Orphanos's photography moves from extreme close-up portraits to elaborate images that rely on darkroom and other techniques that he taught himself: dodging (i. e. shading part of the photographic paper while making a print), using paper negatives, using silk screen printing. Most of his work is in black and white, but he has also combined images and colors in large silk screen prints.

One of his favorite portraits, that of David Hockney, was shot on a bleak day with little light. Orphanos found that he had one negative he could print and created a work to represent the rushed mood of the sitting. In the darkroom at the time of enlarging, he manipulated the image to spill down from the center of a bent sheet of paper. He has noted: "All final judgments are made in the darkroom. To be able to work on your own processing is a great advantage. Most of the celebrated photographers of today do not work on their own prints."

His formal portraits are usually of mature persons with bodies of work in art or literature. Their faces have the features of prescient age, and his presentation of them pays homage to their achievement and personalities. He uses little or no background, at times swaddling the sitters in black cloth, since "before black a face glows."

Orphanos has also photographed athletes, military men, and even young men of the street, as portraits and as nudes and figure studies. His models for these photographs are most often straight men, and his work follows in a tradition extending from ancient Greek painting and sculpture to the paintings of Tsarouchis. Orphanos's images of Greek and American soldiers and sailors in uniform explore and homosexual intersections in depicting the male figure.

One work from Orphanos's "Nude Athletes: Locker Room Series" shows from the rear the body of a mature athlete reminiscent of the famous sculpture of Agias in Delphi. The image is close up, framed as many a statue has come down to us, as a fragment, to stress not personality but the detail of the composition.

The series taken of athletes in the locker room illustrates Orphanos's ability to isolate from the mundane chaos the chance pose and to engage subjects for quick figure studies. Imaginative framing presents the images like film, catching moments when strict playing field relations are exchanged for horseplay and banter, when uniforms are exchanged for the expressiveness of the body. Reynolds Price has observed that these pictures "go well beyond the usual hurly-burly to the core of male bonding that's so mysterious, so threatful to women, yet so necessary to men's continuance as whole upright and unconsumed creatures."

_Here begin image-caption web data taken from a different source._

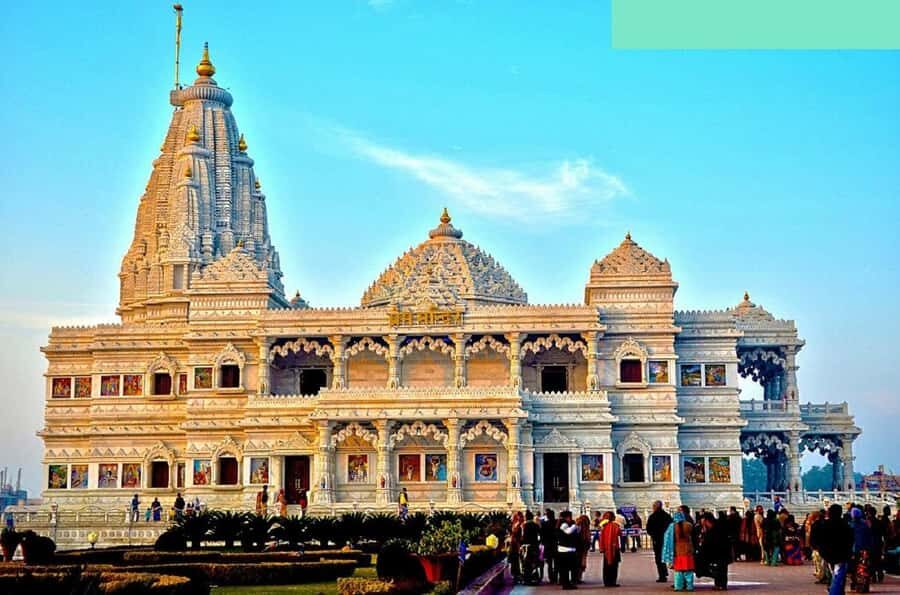 Mathura Vrindavan And Agra Overnight Spiritual Tours - Who Will Love This Tour?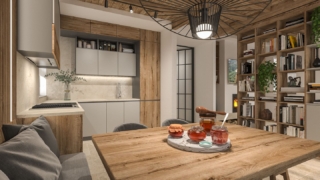 GoPillar Villa in Grottaferrata interno GoPillar Villa in Grottaferrata interno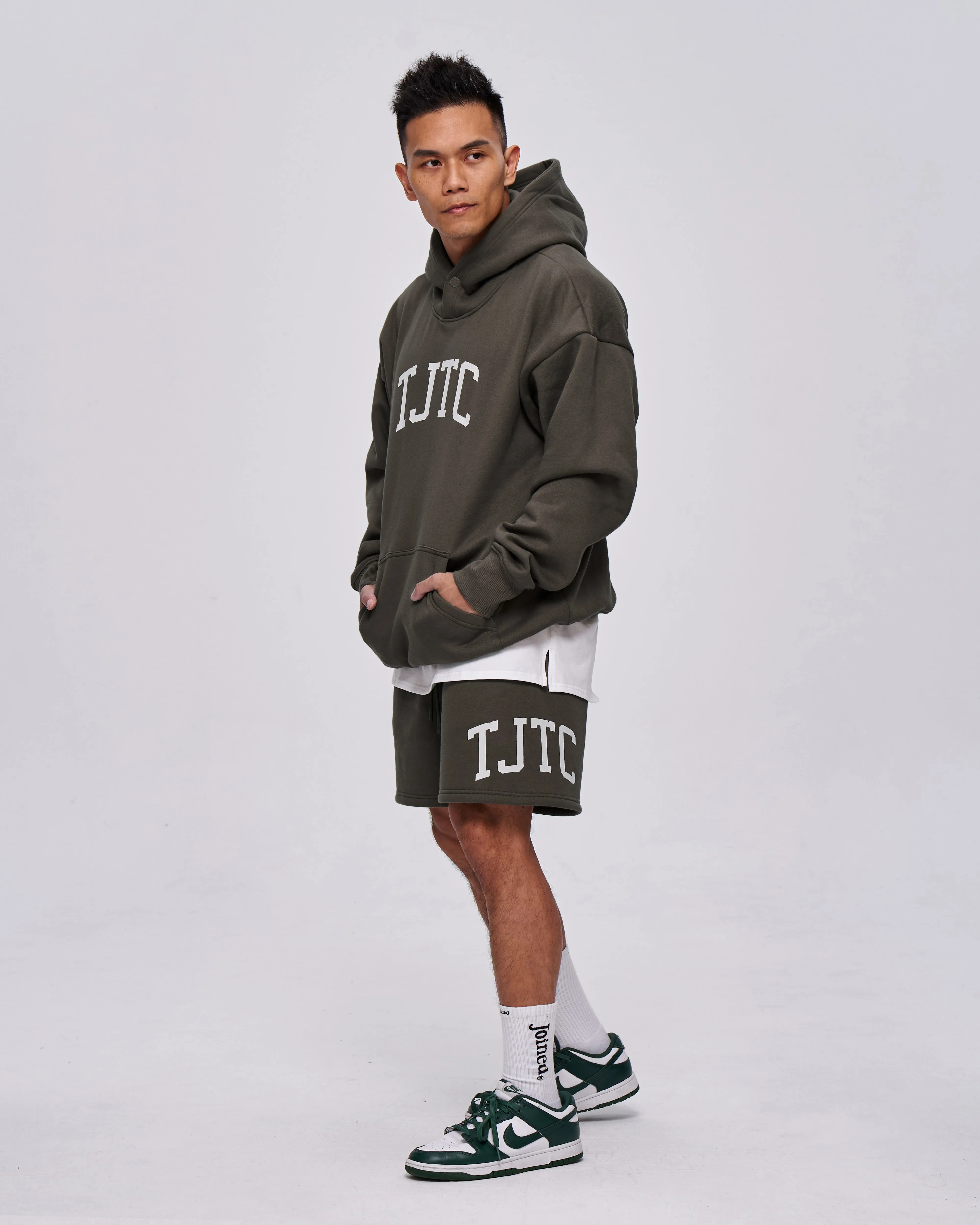 TJTC Sweat Shorts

In an interview Orphanos has spoken of his sexual awakenings and attempted seduction at boarding school. With candor and humor he has discussed the different constructions of homosexuality as he has experienced them in Greece and the U.S. He has also noted the different practices in circumcision in the two countries and expressed his relief that Greek art depicts young men uncircumcised, as was he: "I have always sought intact males as my models. This is definitely an influence garnered from Greek art, particularly the vase paintings."

In his figure studies and male nudes, Orphanos prefers to photograph young straight men, who get less attention than gay men. He has observed, "Young men love to be photographed. Young men crave attention. When it is finally bestowed on them through the intensity of a photo shoot, they are almost mesmerized by it. This results in vulnerable, uninhibited moments where I am able to capture their rare male grace. This is true of the young man, the 'Greek Soldier.'"

This work might be called a nude portrait rather than a figure study. A young soldier is posed contre jour (i.e., against the light). He sits in a chair against the available natural light always used by Orphanos. The penis is awesome in its size, edged in a light that gives it volume and weight like sculpture. The face is kept from the light and is without contour in a shadow that flattens the features as in a Minoan profile. In the tension of this composition, the face could be about to appear or disappear, to signify life or death.